If you slit a cat's throat, you are a criminal. Dismember a conscious cow or pig, you are an animal husbandry practitioner. State penal codes pardon animal abuse for the purpose of livestock transport, confinement and slaughter, rodeo and similar exhibitions, fishing, hunting and trapping, wildlife management, and scientific or agricultural research. The federal Animal Welfare Act excuses "necessary" animal suffering and lets owners gauge acceptable pain levels.
Societal ambivalence toward animals is a perennial reflex. For centuries, cultural, religious and economic mores have assigned humans dominion over nonhumans. To endorse beliefs that grant humans superiority justifies the use/abuse of so-called lesser beings. From this perspective, Francione concludes, nonhuman animals are merely a means to our ends.
Many argue that animals are defective: They can't talk, drive cars or vote. But do they have the right to exist in their natural environment and express behaviors that matter to them? Do we withhold legal privileges simply because they don't resemble us? Speciesism, British psychologist Richard Ryder's phrase to describe how nonhumans are denied recognition in the ethical culture, is a discriminatory benchmark similar to race, religion, gender, sexual preference or age.

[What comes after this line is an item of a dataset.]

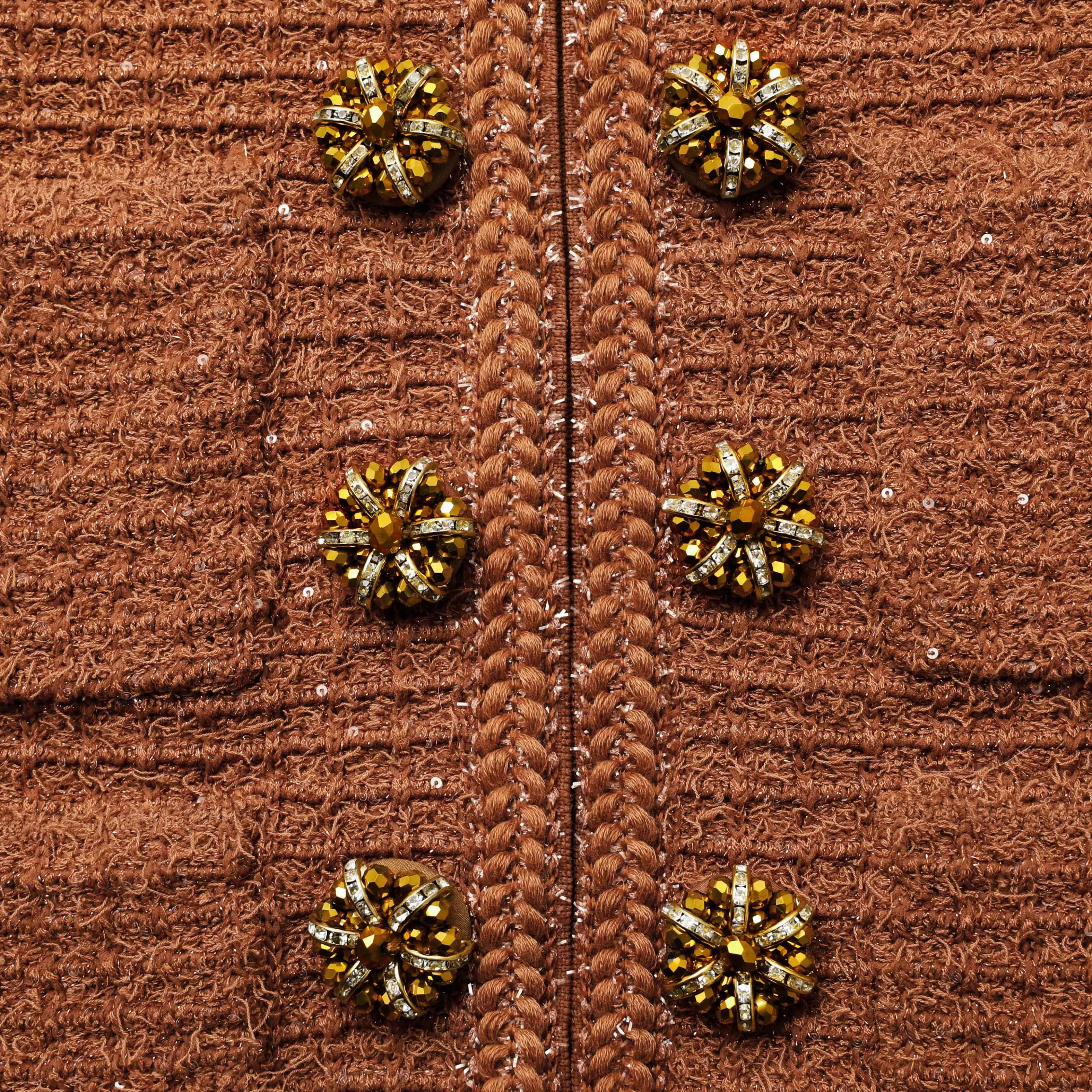 brown_textured_knit_jacket_9033.webp Clearance Textured Knit Jacket Knitwear | Co-ords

As a concept, legal rights for animals inhabits the dusty shelves of philosophical speculation. Until judicial and societal paradigms delete the notion of nonhumans as "things," there can be no meaningful reform for animals. Owners will provide only enough care to sustain the function of their animals. For example, the American Heart Association can insert glass fragments into dogs' hearts and drill metal shafts into the skulls of newborn pigs--and claim suitable treatment. From the vivisector's angle, any degree of pain is warranted as long as animals serve research.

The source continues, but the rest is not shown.